## EXERCISE MATERIALS
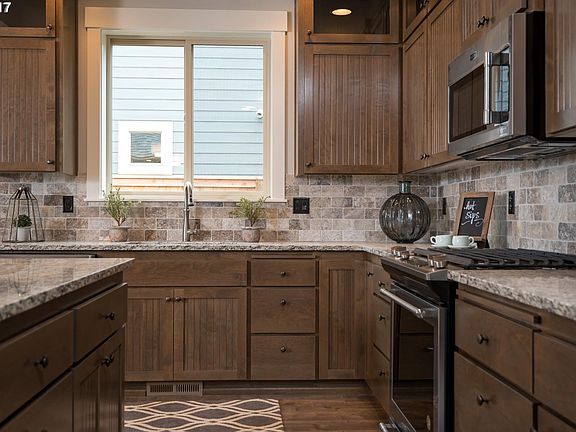 4th image of 12764 Aspenwood Ln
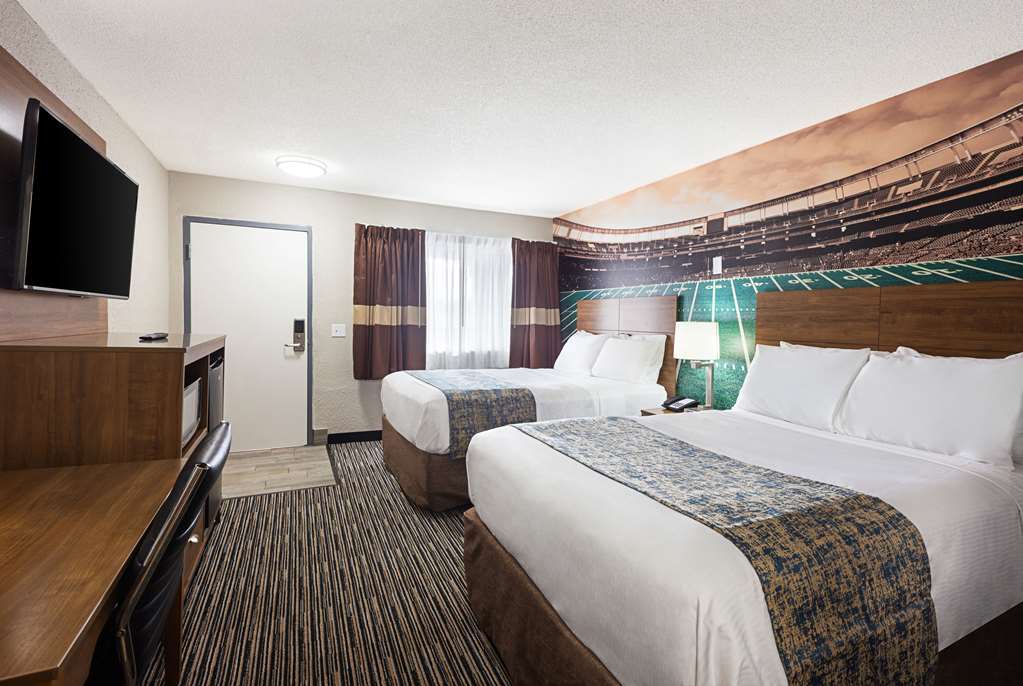 Clarion Pointe East Lansing University Area - photo 7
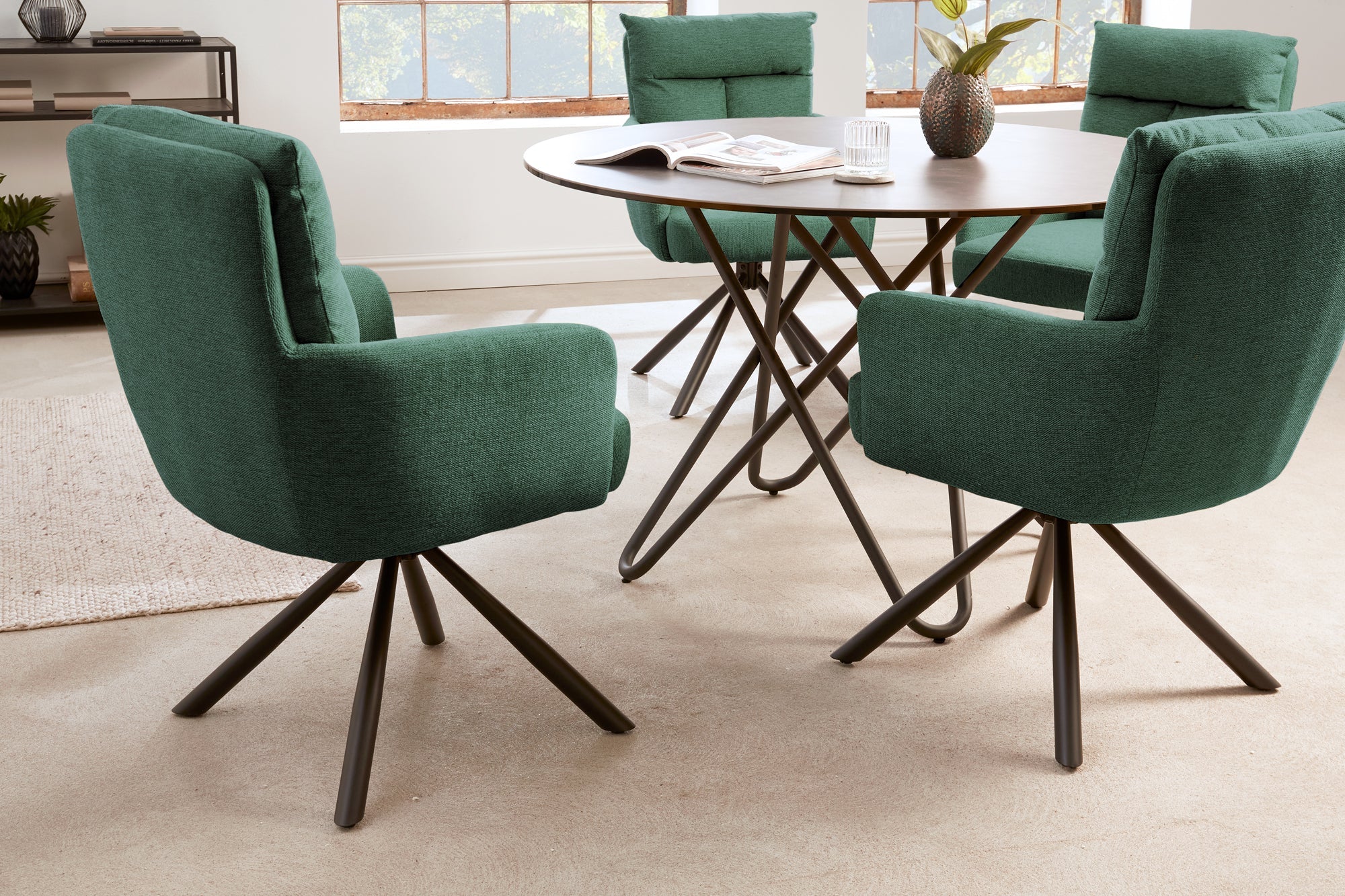 Lote de 2 sillas giratorias retro BIG GEORGE verdes con reposabrazos y tapicería de muelles Bonnell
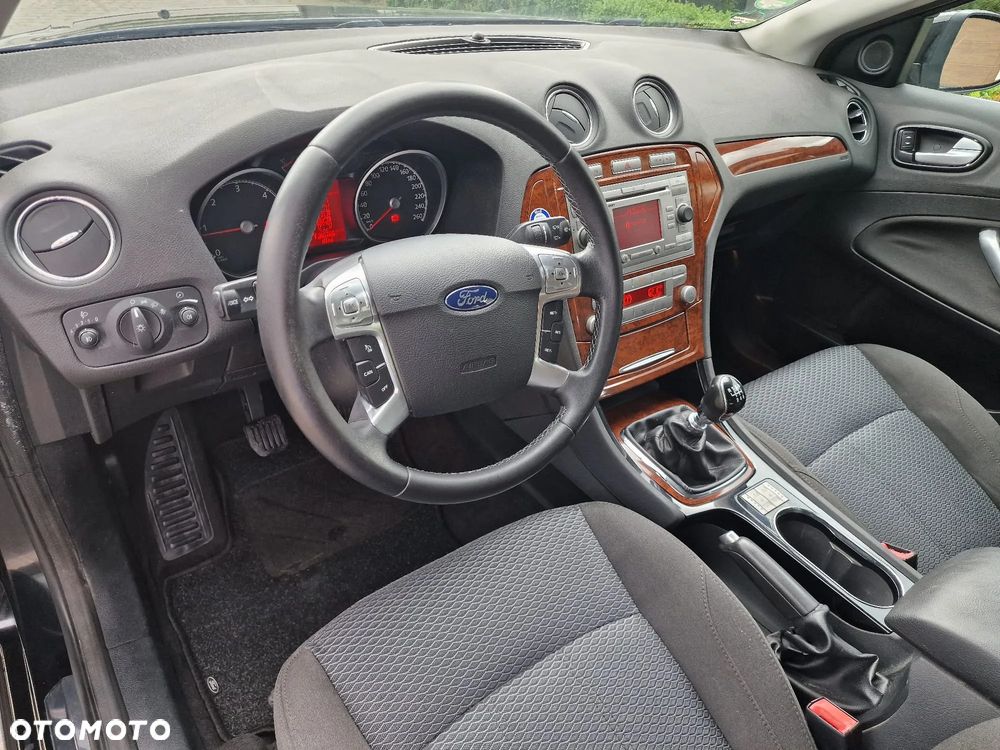 Ford Mondeo - 19
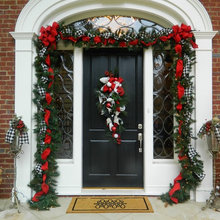 ENTRANCES/OUTSIDE SPACES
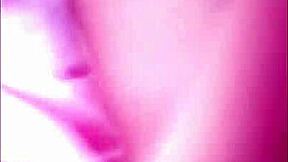 Η αδερφή μου η θετή λέει ότι βαριέται, οπότε την κάνω να καβαλήσει το καυλί μου για να ηρεμήσει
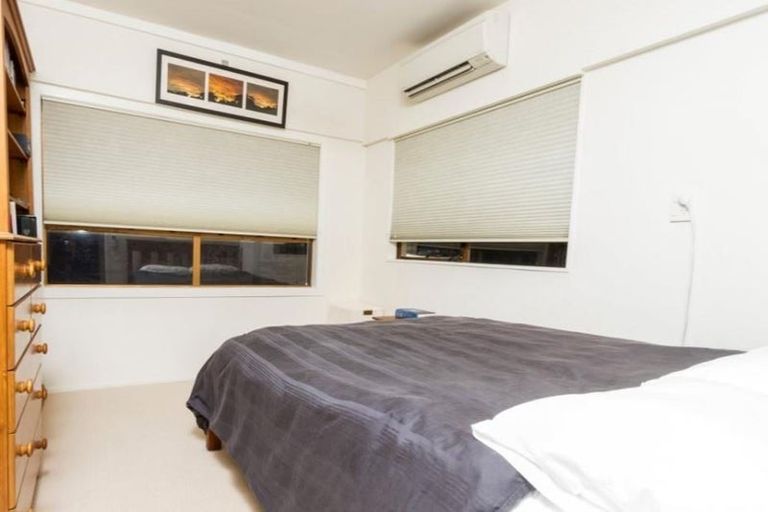 Photo of property in 3 Beulah Avenue, Rothesay Bay, Auckland, 0630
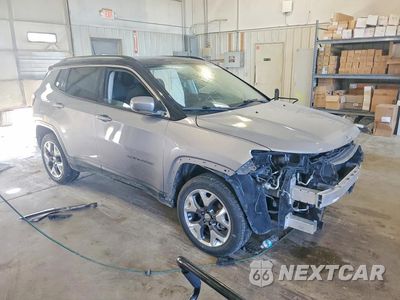 Czwarte zdjęcie samochodu z boku: 2018 JEEP COMPASS LIMITED VIN:3C4NJDCB7JT264540 - miniatura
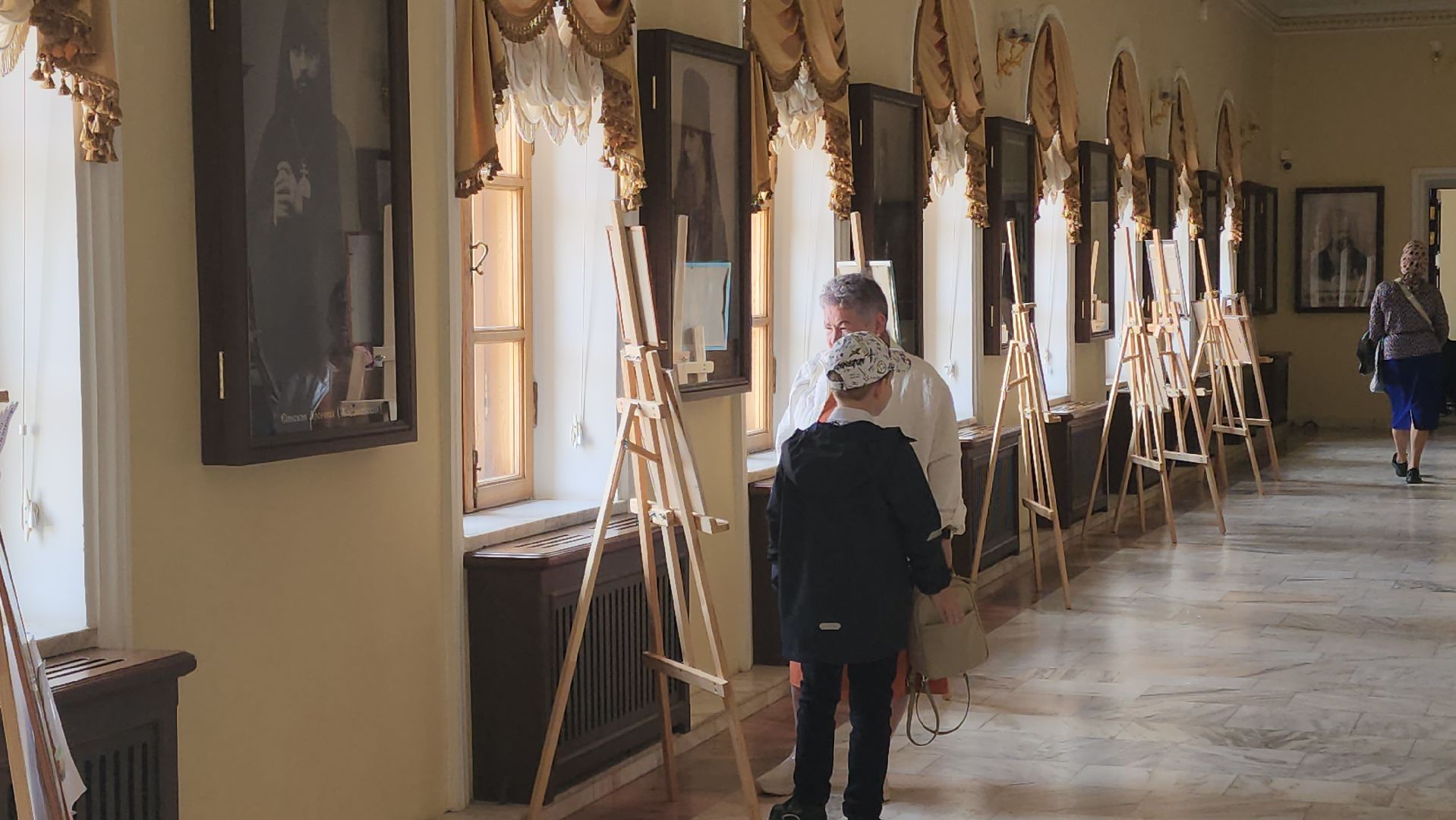 сергиев посад,  сергиево-посадский городской округ, московская духовная академия, выставка, воскресная школа, любовью и единением спасемся,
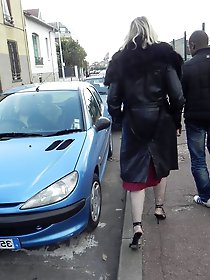 Carola is a blonde woman of a certain age who likes big penises.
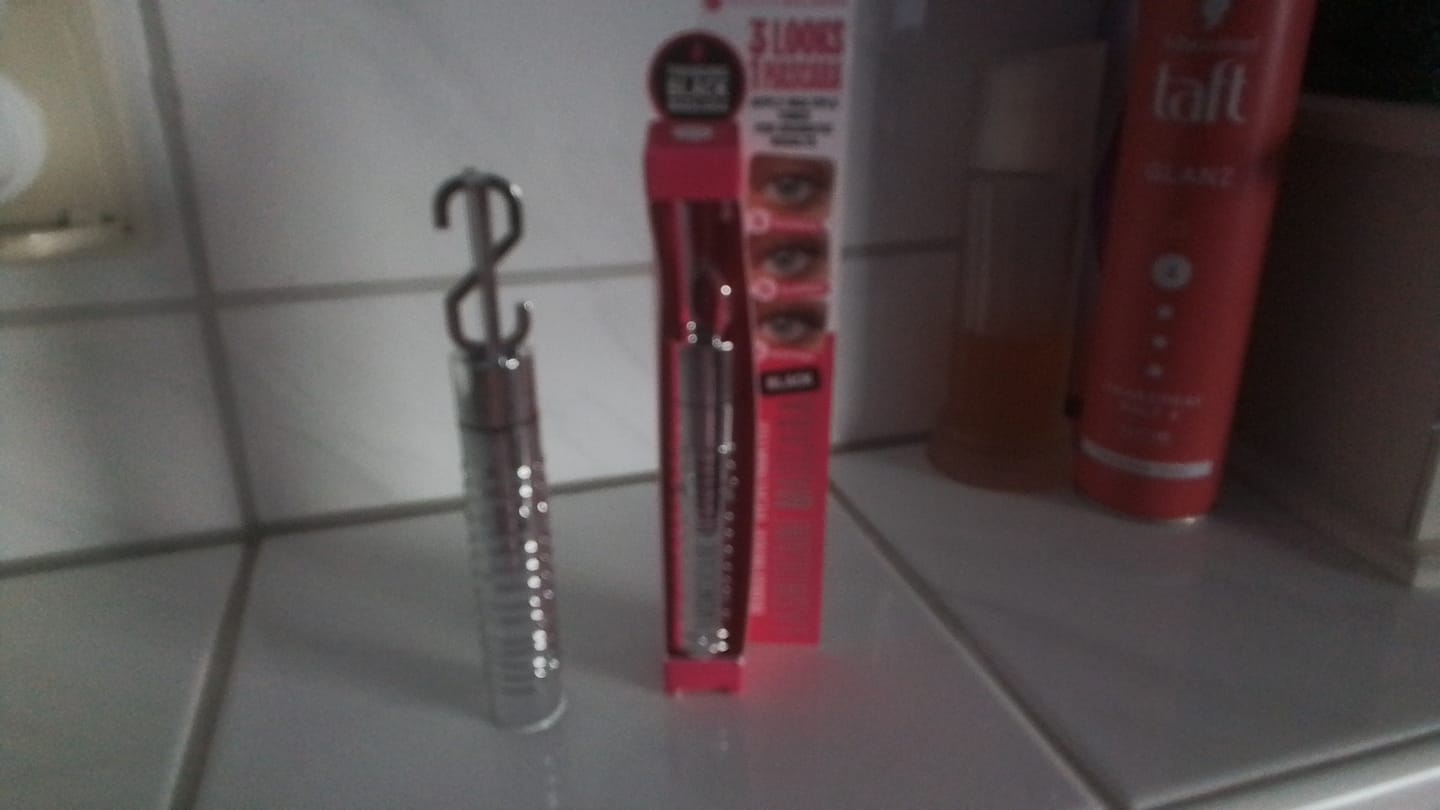 Customer photo review of LASHCOCA!NE MASCARA BLACK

## EXERCISE REQUIREMENTS
Every record is to be restated word for word, with the pictures left out.

## RESPONSE BOX
 4th image of 12764 Aspenwood Ln
 Clarion Pointe East Lansing University Area - photo 7
 Lote de 2 sillas giratorias retro BIG GEORGE verdes con reposabrazos y tapicería de muelles Bonnell
 Ford Mondeo - 19
 ENTRANCES/OUTSIDE SPACES
 Η αδερφή μου η θετή λέει ότι βαριέται, οπότε την κάνω να καβαλήσει το καυλί μου για να ηρεμήσει
 Photo of property in 3 Beulah Avenue, Rothesay Bay, Auckland, 0630
 Czwarte zdjęcie samochodu z boku: 2018 JEEP COMPASS LIMITED VIN:3C4NJDCB7JT264540 - miniatura
 сергиев посад,  сергиево-посадский городской округ, московская духовная академия, выставка, воскресная школа, любовью и единением спасемся,
 Carola is a blonde woman of a certain age who likes big penises.
 Customer photo review of LASHCOCA!NE MASCARA BLACK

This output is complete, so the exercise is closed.